--- Given material ---

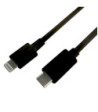 Sinox iMedia USB C til Lightning kabel. 0,5m. Sort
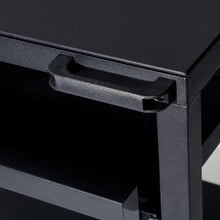 Load image into Gallery viewer, NUUK Three-Shelf Heavy Duty Rolling Outdoor Pizza Oven Table, 24" x 30" Steel Commercial Multifunctional Food Prep Worktable with Drawer on Wheels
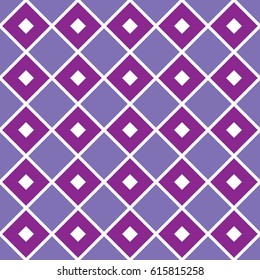 An abstract seamless pattern constructed out of repeating squares in vector format. This purple design can be used as wrapping paper or in a textile project.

---

> **What this task involves**
Extract the lines beginning with the one that contains "Load image into" and ending with the last line of the listing. Keep them exact and drop the pictures.

> **Exercise response**
 Load image into Gallery viewer, NUUK Three-Shelf Heavy Duty Rolling Outdoor Pizza Oven Table, 24" x 30" Steel Commercial Multifunctional Food Prep Worktable with Drawer on Wheels
 An abstract seamless pattern constructed out of repeating squares in vector format. This purple design can be used as wrapping paper or in a textile project.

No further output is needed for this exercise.